## Problem details
Return exactly the lines from the one containing "masticatory mucosa covers" through the last line of the records below, both included, and leave out any pictures.

## Saved entries
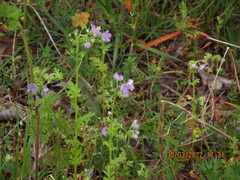 Phacelia strictiflora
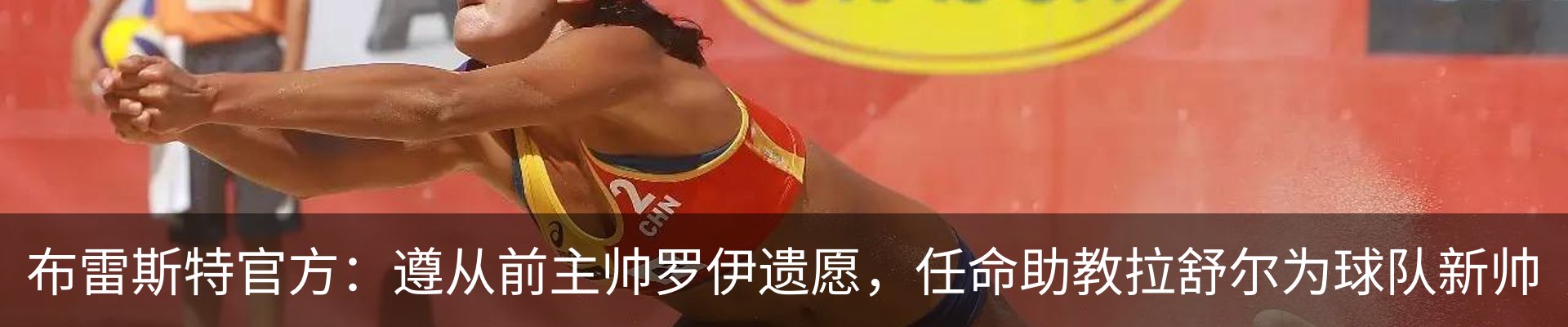 最新动态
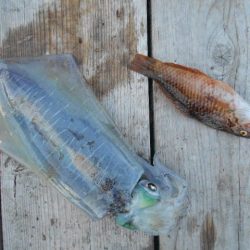 こかわ渡船　雅丸 釣果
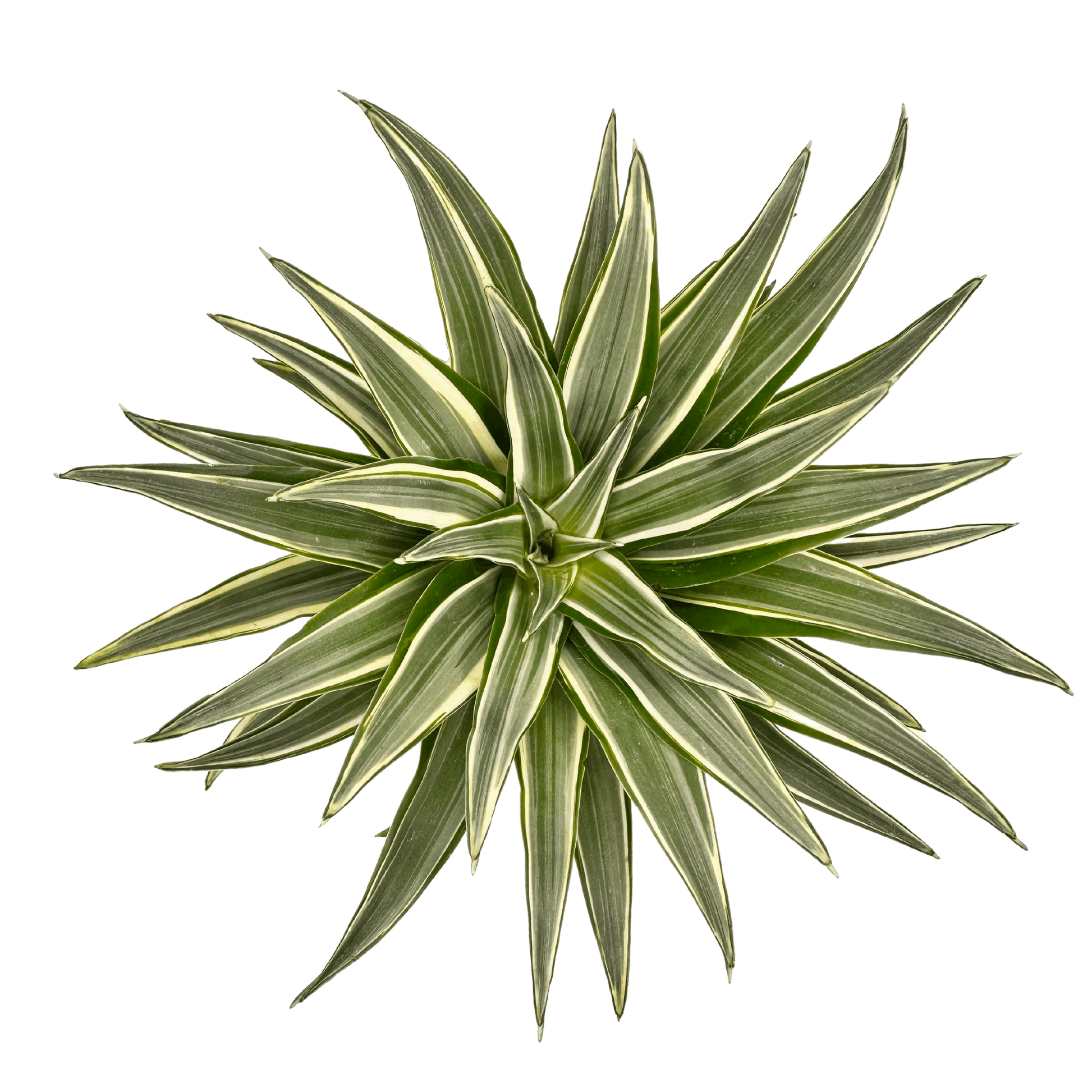 Dracaena Warneckii Top View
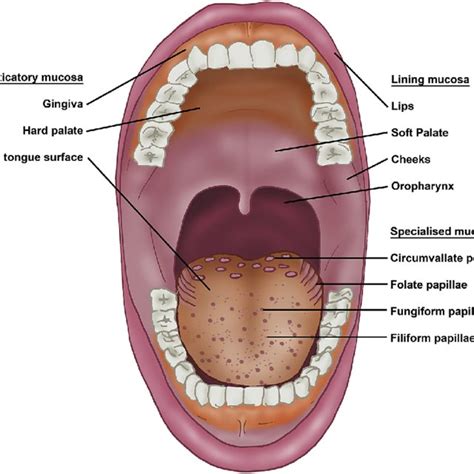 oral mucosa  lingual papillae keratinised masticatory mucosa covers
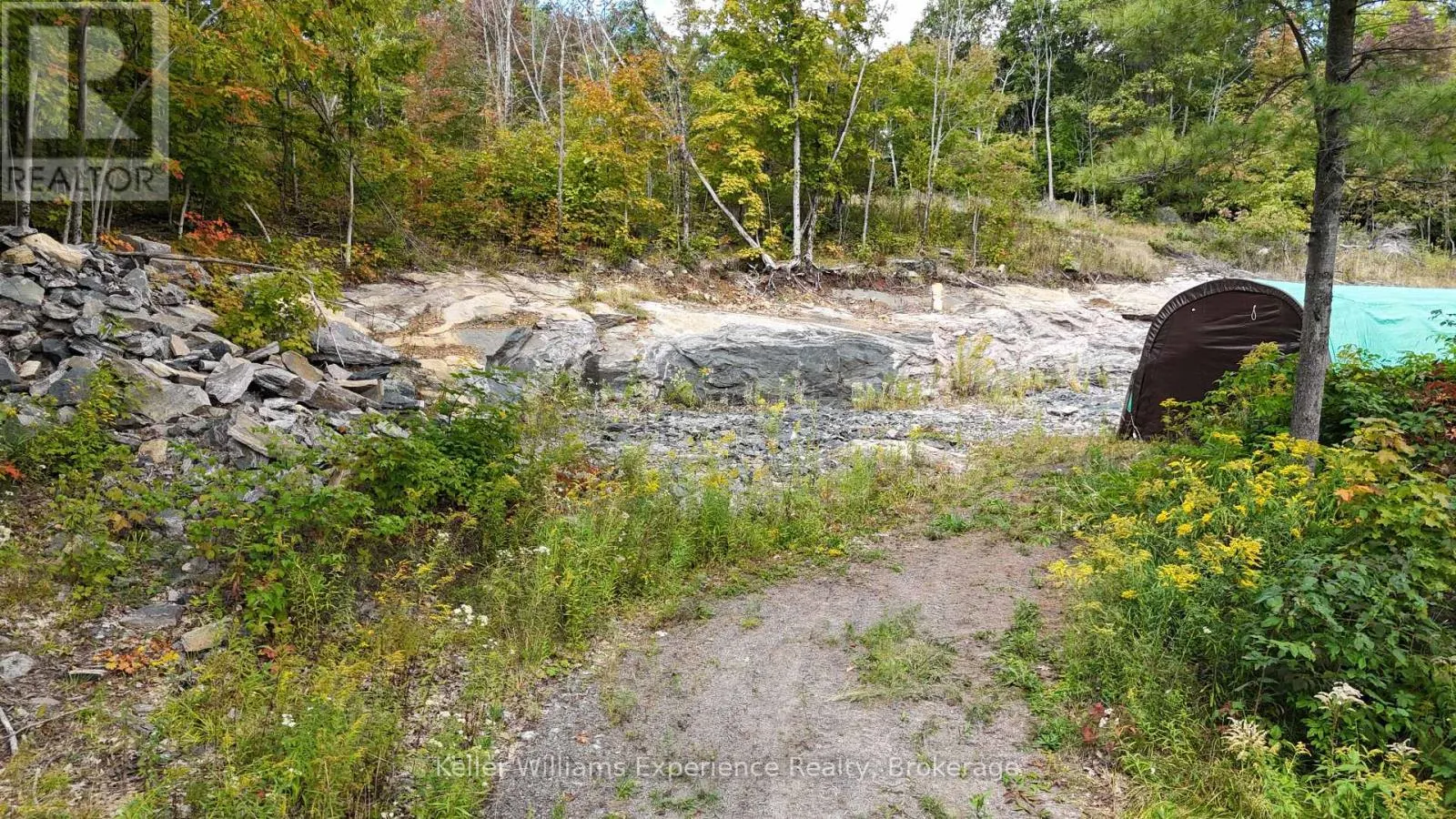 1681 MUSKOKA BEACH ROAD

## Answer space
 oral mucosa  lingual papillae keratinised masticatory mucosa covers
 1681 MUSKOKA BEACH ROAD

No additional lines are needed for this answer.